Micromobility commuting has become popular in California and other parts of the country, as many people prefer to use e-scooters to get to work or run errands without using their cars. State law governs how people should use e-scooters, and those who operate one negligently may face a civil lawsuit.
E-scooters and recklessness
The U.S. Consumer Product Safety Commission notes that 42,200 e-scooter operators sought emergency room treatments in 2021. The figure shows that e-scooter operators must put safety first.
Riding on sidewalks is prohibited, yet many people violate that rule. Doing so puts them near pedestrians, and hitting someone while riding 15 miles per hour might result in serious injuries. Persons who violate the law could face a challenging negligence claim.
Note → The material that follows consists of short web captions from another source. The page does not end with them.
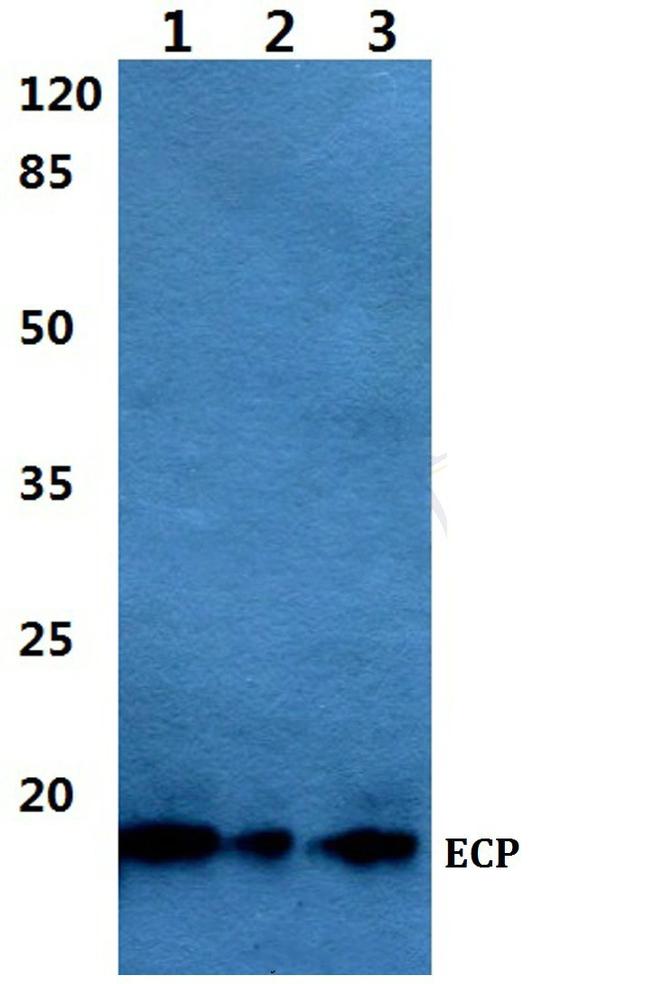 RNASE3 Antibody in Western Blot (WB)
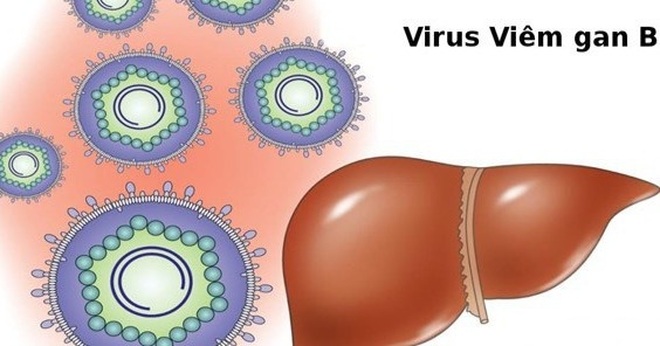 Hai loại virus đe dọa ung thư gan - 1 Hai loại virus đe dọa ung thư gan - 1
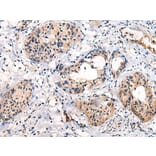 C16orf45 Antibody from Signalway Antibody (43870) - Antibodies.com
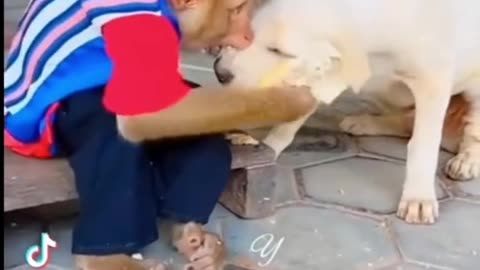 Viral Funny Video of Dog and Monkey
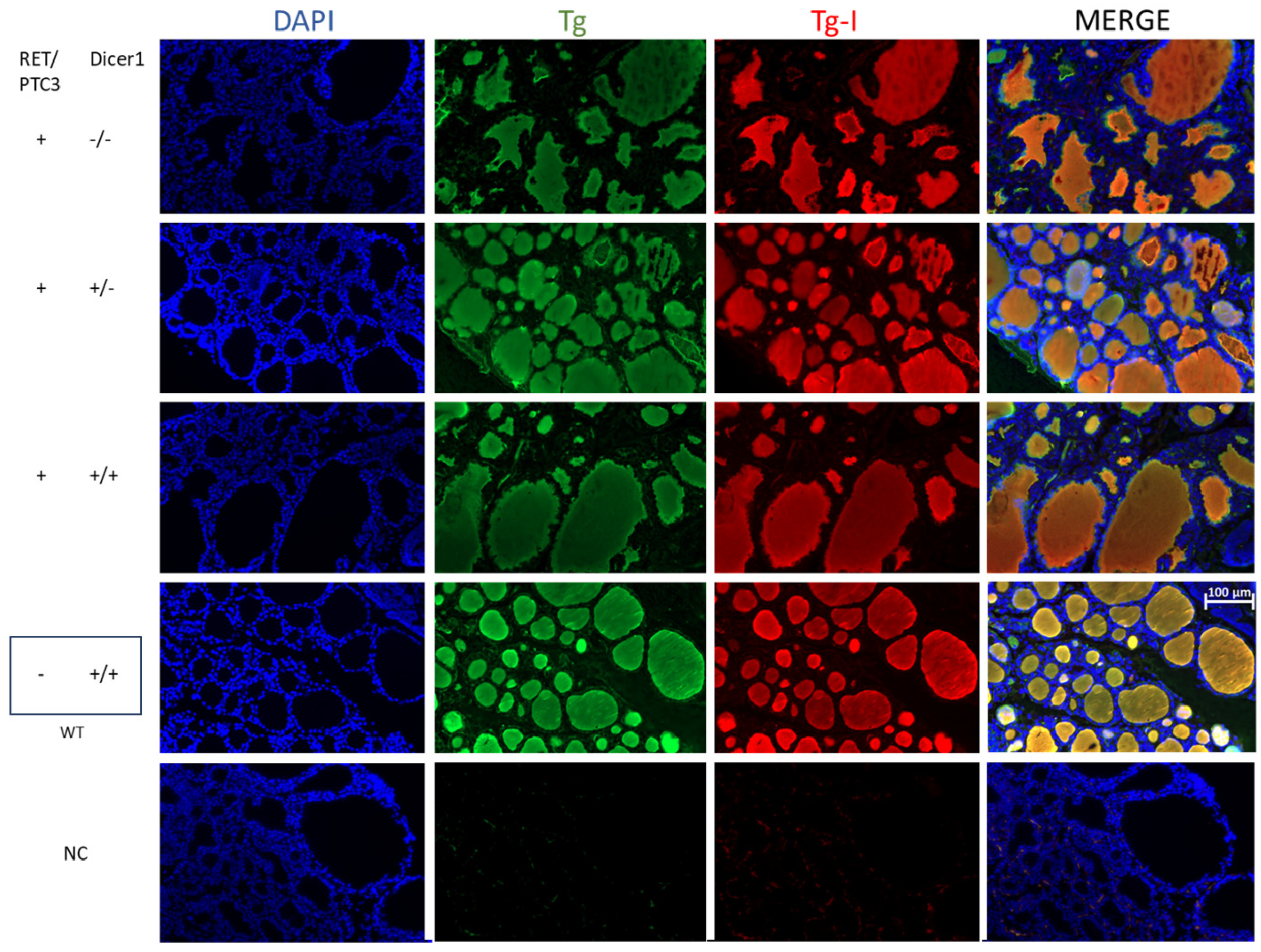 Cells 14 01465 g005 Cells 14 01465 g005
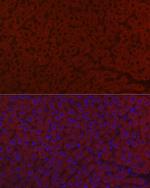 LRG1 Antibody in Immunocytochemistry (ICC/IF)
Unfortunately, even those who adhere to e-scooter traffic rules may still cause a crash.
Many e-scooter operators might need more training in using micromobility devices. Untold numbers of people with little experience may rent a publicly-shared dockless scooter by using an app. Such e-scooter riders might hit or get hit by a car, motorcycle, bicyclist, or pedestrian due to a mistake their inexperience causes.
Negligence and e-scooters
Riding an e-scooter comes with many of the same responsibilities as riding a bike or motorcycle. Many motorcycle and bicycle accidents happen because someone committed a moving violation or was under the influence of drugs or alcohol. E-scooter operators should expect similar legal consequences if they make the same mistakes.
Distractions play a role in some accidents. E-scooter operators who aren’t paying attention to traffic injure themselves or others. Not wearing a helmet may result in worse injuries than the operator expected.
E-scooter accidents appear to be increasing. If the e-scooter operator’s negligence caused harm to another, the operator might face a lawsuit.